Single Review: Amythyst Kiah, “Black Myself”

“Black Myself”

Amythyst Kiah

Written by Amythyst Kiah

“Black Myself” was already one of the finest records of the past few years when it kicked off the Songs of Our Native Daughters supergroup project.

Group member and writer of the song, Amythyst Kiah, has recorded it again and released it as the lead off single for her upcoming solo project for Rounder Records.   The new take differs greatly from the original, emphasizing screaming electric guitars and featuring a untethered vocal from Kiah, who infuses her composition with righteous anger and a gripping urgency.

This new recording sharpens the blade of an already cutting lyric, as she ruminates over the injustices of being a black gay woman in the American South.  “I wanna sweep that girl right off her feet, but I’m black myself…I pick up the banjo and they sneer at me, ’cause I’m black myself.”
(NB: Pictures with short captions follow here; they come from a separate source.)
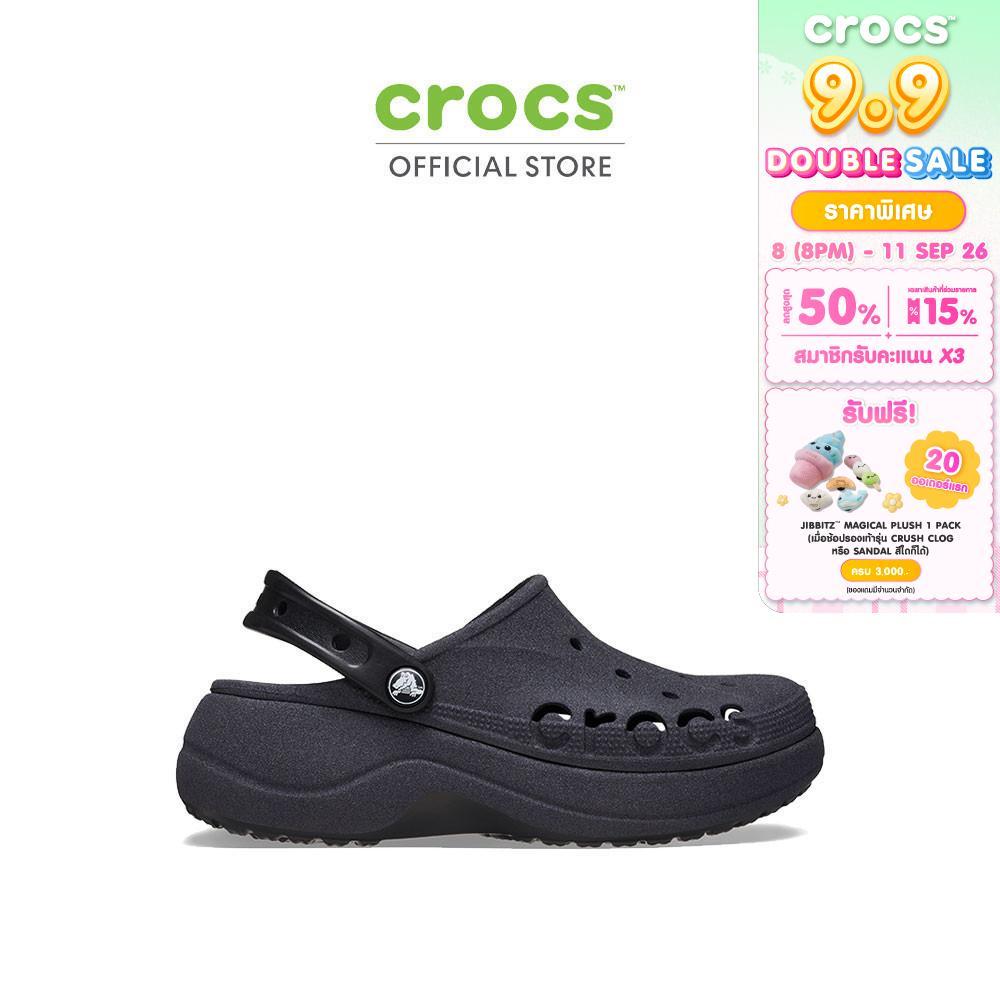 CROCS รองเท้าลำลองผู้หญิง BAYA PLATFORM GLITTER CLOG รุ่น 208459001 - BLACK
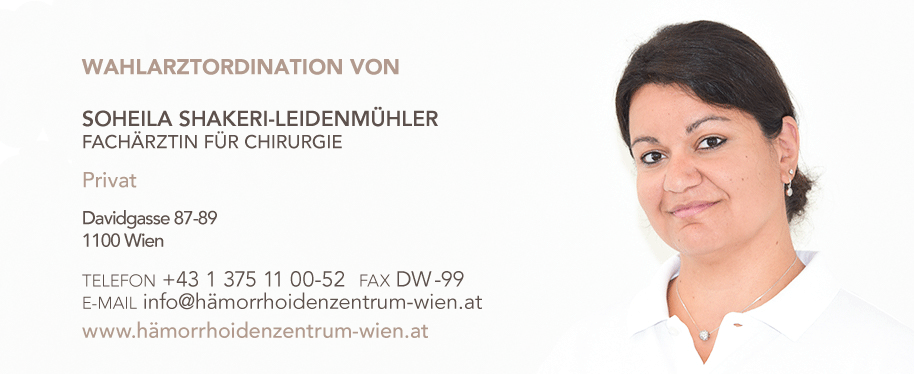 Hämorrhoiden Zentrum Wien Dr. Soheila Shakeri-Leidenühler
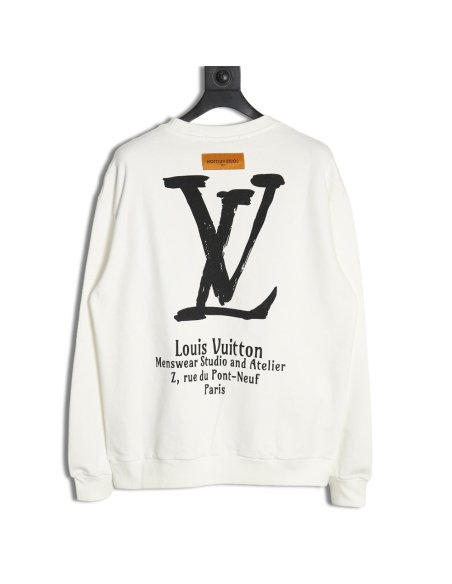 Louis vuitton limited edition slogan V letter sweatshirt,Louis Vuitton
It’s a harrowing indictment of the restraints thrust upon her identity, making it all the more powerful when she rejects them wholesale.  “Black Myself” is transformed into a rallying cry of pride and self-worth. “I don’t creep around, I stand tall and free, ’cause I’m black myself…And I’ll stand my ground and smile in your face, ’cause I’m black myself.”

As flawless as the original recording is, this new one is immediately the definitive version.  Indeed, in this era of racial reckoning, this is the only way to hear it now.

Grade: A


  1. Powerful vocalist sings powerful song. Made me think of the first time I heard James Brown’s “Say It Loud I’m Black and I’m Proud” in the fall of 1968.